There was laughter in the air every day from the Ojibway people at the school; a gentle "He he he!" as they joked with one another. I never heard voices raised in anything but laughter.
Marita sat quietly on the bench lining the wall, hands folded in her lap, when we were at the dining room table having breakfast on our first morning there. Not knowing who she was, I went over and invited her to join us ,and she smiled, nodded, and came and sat at the table. As she spoke with us, I felt humbled. She uncovered prejudices and assumptions I wasn't consciously aware of, just by her presence. She was a woman like me; a mother, grandmother, and someone who shared our faith in God, I had not realized until then that I had seen her as "other" than me.
Mary sat on the bench one morning in the same way as Marita had done, like a wallflower at a dance. I went and quietly slipped onto the bench beside her and she began spontaneously to share some of her stories with me as if she had been waiting for someone to tell them to. She was probably about my age and she told me that she had been born in the bush--women used to go into the bush then to have their babies. Sometimes as children, she said, they would watch white people in the bush from a hiding place. She laughed softly as she remembered, "They would sometimes leave little things behind for us--sandwiches or an orange, which we had never seen before, and we would creep from our hiding place and take these gifts to our parents. But they told us not to eat them, so we threw them away!"
One day she was with her father and playing in a river in the forest when she found some shiny stones in the river that were different to the rest. When she showed them to her father, he told her, "Those special stones belong to the Creator, put them back." She did as she was told, but never forgot the beautiful stones that were so precious that her father would not take them. She has never been able to find out where the river of her childhood was.
The qualities I observed in the people we met in Mish were gentleness; a peaceful quietness; humour; love of music and dance; spirituality; and a lack of possessiveness over material things.

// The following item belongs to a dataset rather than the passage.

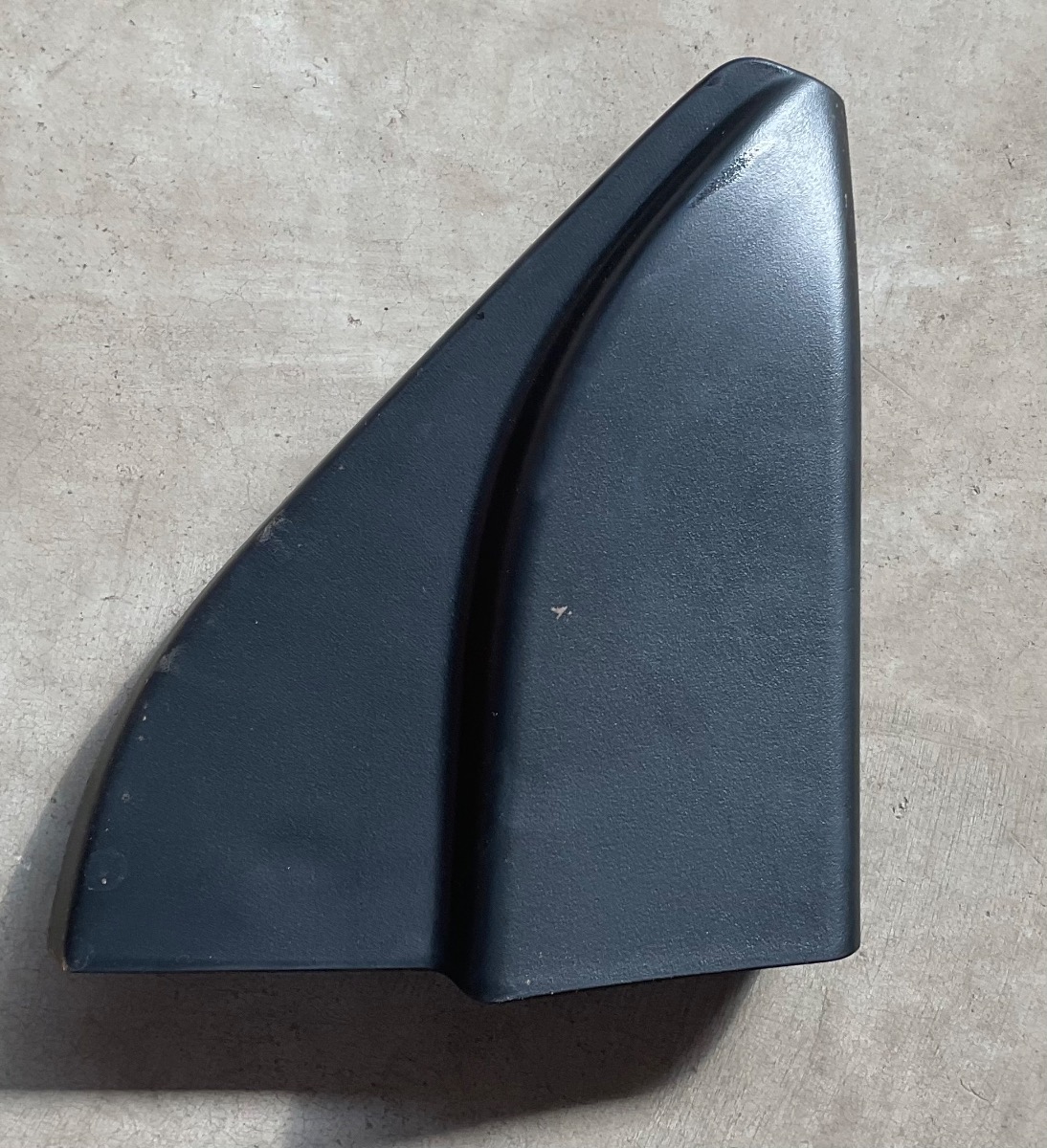 HILUX GD RIGHT FRONT INNER DOOR TRIM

They also asked for what they needed, something I thought that we from the south could learn from. How often I have held back from expressing a need for help out of fear of refusal or rejection; in effect robbing someone else of the gift of sharing or giving. The people of Mish had no such hangups and were my teachers in that among other things.
I often wonder what they thought of us. We came, meaning to share God's love in action. We left with so much more than we came with.